When I learned that Joe Abercrombie would be writing a YA series, I was a bit worried. After all, the author has established himself as one of grimdark's biggest draws and I was afraid that switching gears to appeal to a different market could well take away most of what made his books so enjoyable. Oddly enough, Half a King was marketed differently on both sides of the Atlantic. In the UK, it was published as a YA offering, while in the USA Del Rey was marketing the book as they would any other speculative fiction work. And in the end, although it may not have been Joe Abercrombie doing what he does best, Half a King remained a brutal, engaging, entertaining, and satisfying fantasy novel featuring an interesting band of misfits.
For some reason, Del Rey used a totally different approach to market the sequel, Half the World. Last year, the Advance Reading Copy I was forwarded contained absolutely no mention that Half a King was even aimed at a younger audience. But for Half the World, the American edition does mention that this new novel will appeal to YA fans and teen readers. Which kind of scared me, for I was afraid that this would be the least Abercrombie-esque work of the author. Reaching the book's ending left me perplexed as to this different marketing approach, for Half the World was no less dark and violent than its predecessor.
Here's the blurb:
Sometimes a girl is touched by Mother War. Thorn is such a girl. Desperate to avenge her dead father, she lives to fight. But she has been named a murderer by the very man who trained her to kill. Sometimes a woman becomes a warrior. She finds herself caught up in the schemes of Father Yarvi, Gettland’s deeply cunning minister. Crossing half the world to find allies against the ruthless High King, she learns harsh lessons of blood and deceit. Sometimes a warrior becomes a weapon. Beside her on the journey is Brand, a young warrior who hates to kill, a failure in his eyes and hers, but with one chance at redemption. And weapons are made for one purpose. Will Thorn forever be a pawn in the hands of the powerful, or can she carve her own path?

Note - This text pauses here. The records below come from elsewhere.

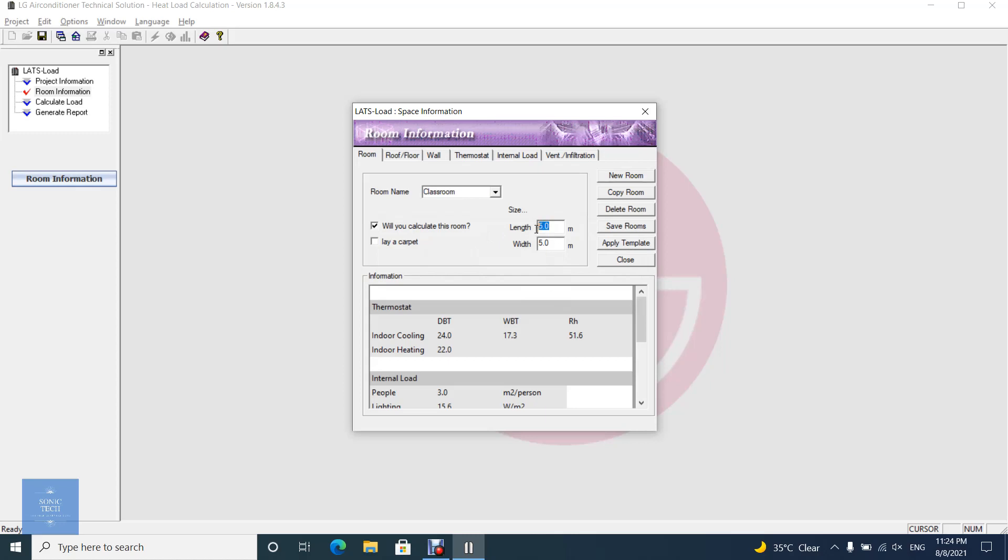Enter room width and length. And you can choose if you want to calculate this room or not, and if this room lays on carpet.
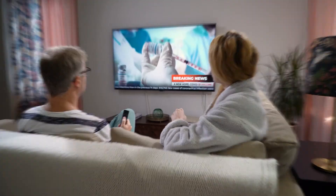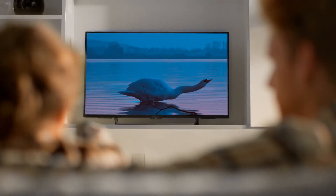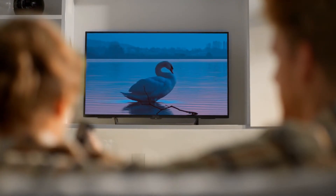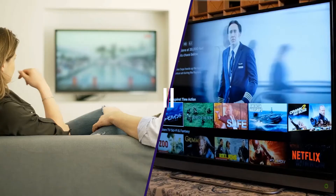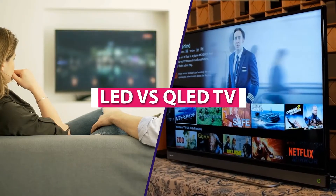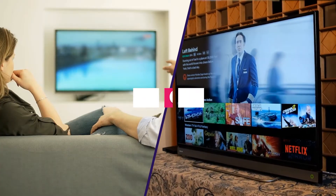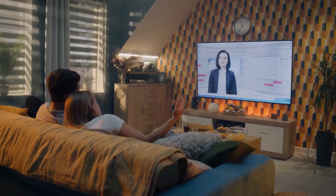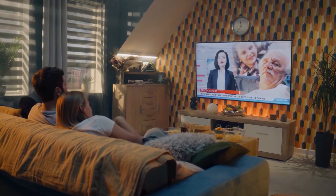Welcome back to our channel where we bring you the latest technology comparisons. Today we are diving into the world of televisions and exploring the differences between LED and QLED TVs. Both of these technologies have their own unique advantages, so let's dive right in and see which one comes out on top.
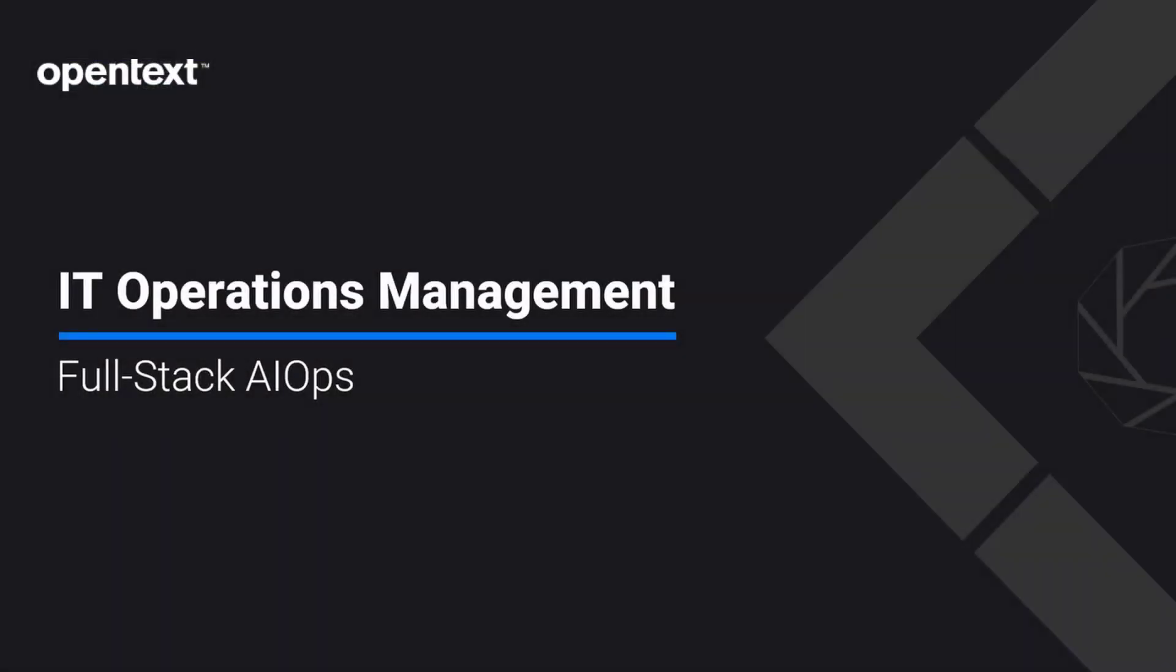Full Stack AIOps is unique because of our ability to deliver value across the complete spectrum of IT operations activities with a full set of capabilities. Let's take a look at those.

Half a King was a rather slim volume, the shortest written by Abercrombie thus far. The smaller wordcount precluded much in the way of worldbuilding. This sequel is about a hundred pages longer, which is great. That and the presence of a map of the Shattered Sea help readers visualize the various kingdoms and flesh out the land. The cast's long voyage throughout a variety of countries and locales permits readers to find out a lot more about the universe. A few tantalizing glimpses of elf relics and technology hint that this tale might be taking place in a far-future dystopian Earth. It will be interesting to see if Abercrombie will shine some light on the elves and how they disappeared from the world in the third installment. The longer length of this work allowed Abercrombie to imbue this one with more depth than its predecessor, true, yet it features the same tighter focus on the narrative that made Half a King so enjoyable. This keeps the pace crisp and this one is as much of a page-turner as the first volume.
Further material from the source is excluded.